Symmetric function

In mathematics, a function of ${\displaystyle n}$ variables is symmetric if its value is the same no matter the order of its arguments. For example, a function ${\displaystyle f\left(x_{1},x_{2}\right)}$ of two arguments is a symmetric function if and only if ${\displaystyle f\left(x_{1},x_{2}\right)=f\left(x_{2},x_{1}\right)}$ for all ${\displaystyle x_{1}}$ and ${\displaystyle x_{2}}$ such that ${\displaystyle \left(x_{1},x_{2}\right)}$ and ${\displaystyle \left(x_{2},x_{1}\right)}$ are in the domain of ${\displaystyle f.}$ The most commonly encountered symmetric functions are polynomial functions, which are given by the symmetric polynomials.

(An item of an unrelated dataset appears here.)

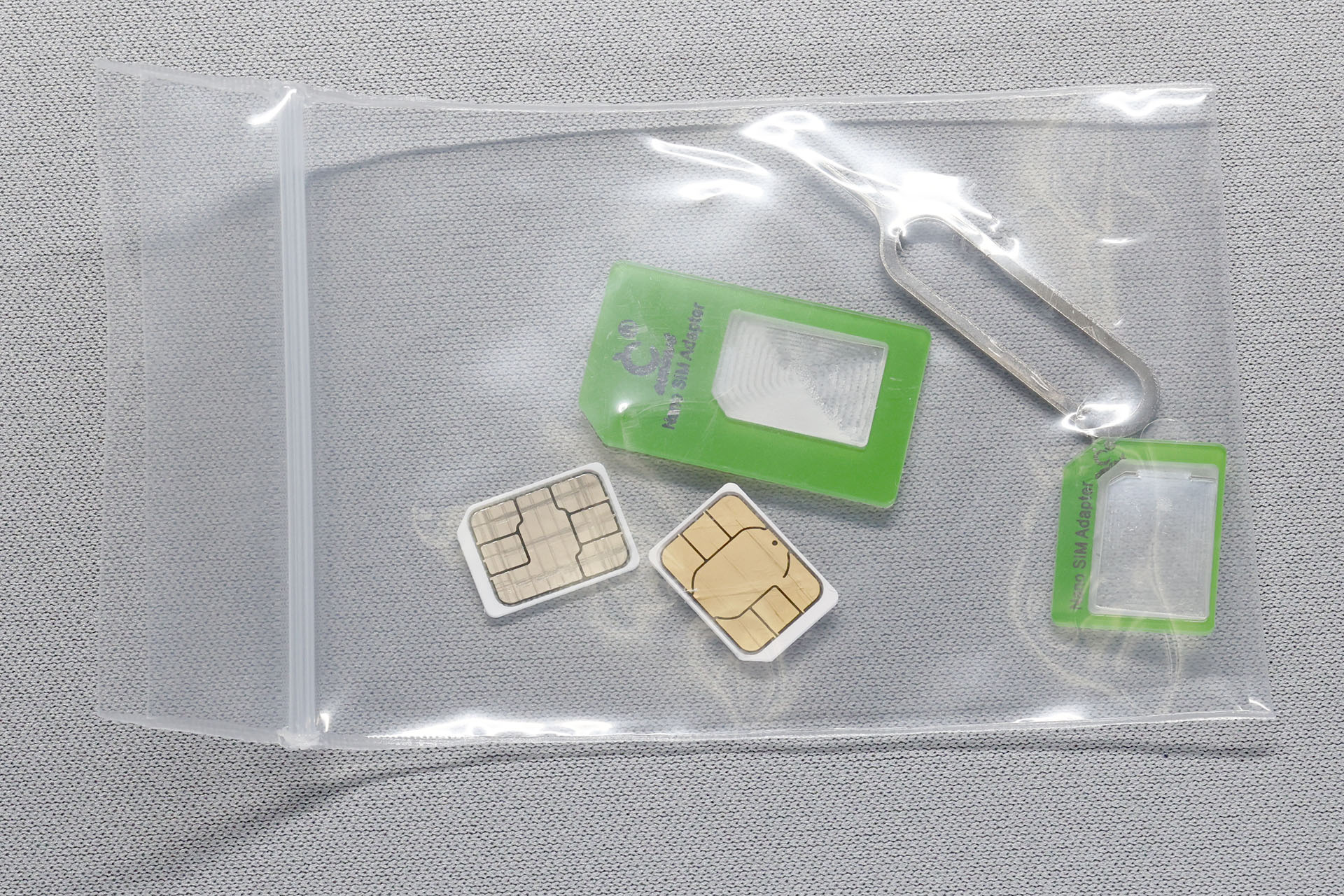 クレジットカードより一回り小さいビニール袋に、予備のnanoSIM、SIMピン、それから一応的にSIMカードサイズアダプターを入れて保管したり携帯したり。このまま財布のカードポケットに入る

A related notion is alternating polynomials, which change sign under an interchange of variables. Aside from polynomial functions, tensors that act as functions of several vectors can be symmetric, and in fact the space of symmetric ${\displaystyle k}$-tensors on a vector space ${\displaystyle V}$ is isomorphic to the space of homogeneous polynomials of degree ${\displaystyle k}$ on ${\displaystyle V.}$ Symmetric functions should not be confused with even and odd functions, which have a different sort of symmetry.